Base-level dimension values correspond to the unique keys of a fact table.
A measure dimension is a dimension that has measures as dimension members. With a measure dimension, you can generate calculated measures for all of the measures in the cube simultaneously. Also, you do not have to create a new set of calculated measures for each measure that you add to the cube. The existing calculated measures apply to the new measure in the measure dimension. This is especially useful if you create new measures frequently.
A hierarchy is a way to organize data at different levels of aggregation. In viewing data, analysts use dimension hierarchies to recognize trends at one level, drill down to lower levels to identify reasons for these trends, and roll up to higher levels to see what affect these trends have on a larger sector of the business.
Each level represents a position in the hierarchy. Each level above the base (or most detailed) level contains aggregate values for the levels below it.
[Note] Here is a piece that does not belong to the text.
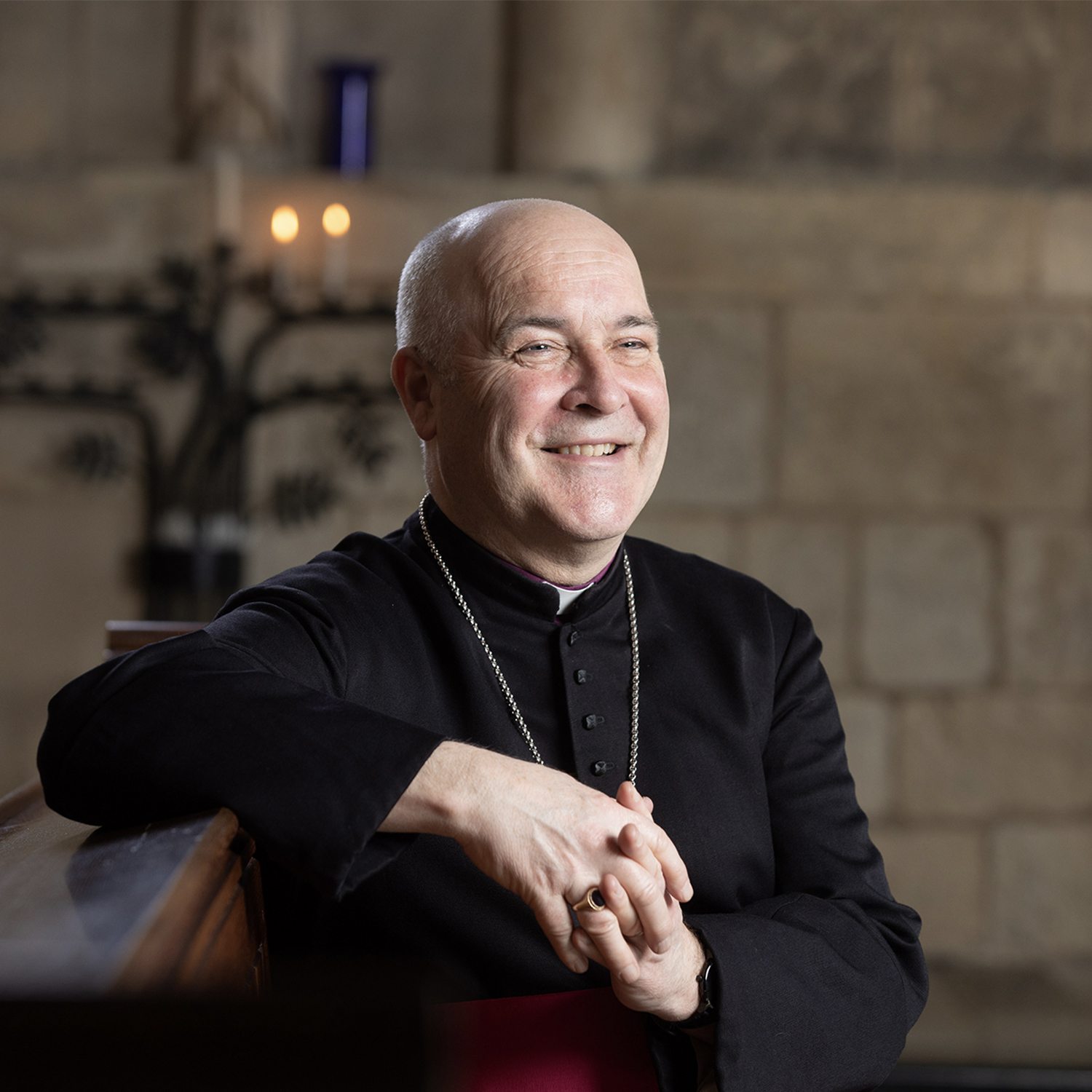 The Archbishop smiles and is in a relaxed seated position in a cathedral setting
The members at different levels have a one-to-many parent-child relation. For example,
Q2-05 are the children of
2005 is the parent of
Suppose a data warehouse contains snapshots of data taken three times a day, that is, every 8 hours. Analysts might normally prefer to view the data that has been aggregated into days, weeks, quarters, or years. Thus, the Time dimension needs a hierarchy with at least five levels.
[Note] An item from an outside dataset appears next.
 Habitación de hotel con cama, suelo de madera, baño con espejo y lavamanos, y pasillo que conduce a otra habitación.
Similarly, a sales manager with a particular target for the upcoming year might want to allocate that target amount among the sales representatives in his territory; the allocation requires a dimension hierarchy in which individual sales representatives are the child values of a particular territory.
Hierarchies and levels have a many-to-many relationship. A hierarchy typically contains several levels, and a single level can be included in multiple hierarchies.
Each level typically corresponds to a column in a dimension table or view. The base level is the primary key.
Although hierarchies are typically composed of named levels, they do not have to be. The parent-child relations among dimension members may not define meaningful levels. For example, in an employee dimension, each manager has one or more reports, which forms a parent-child relation. Creating levels based on these relations (such as individual contributors, first-level managers, second-level managers, and so forth) may not be meaningful for analysis. Likewise, the line item dimension of financial data does not have levels. This type of hierarchy is called a value-based hierarchy.
An attribute provides additional information about the data. Some attributes are used for display. For example, you might have a product dimension that uses Stock Keeping Units (SKUs) for dimension members. The SKUs are an excellent way of uniquely identifying thousands of products, but are meaningless to most people if they are used to label the data in a report or a graph. You would define attributes for the descriptive labels.
You might also have attributes like colors, flavors, or sizes. This type of attribute can be used for data selection and answering questions such as: Which colors were the most popular in women's dresses in the summer of 2005? How does this compare with the previous summer?
Time attributes can provide information about the Time dimension that may be useful in some types of analysis, such as identifying the last day or the number of days in each time period.
Each attribute typically corresponds to a column in dimension table or view.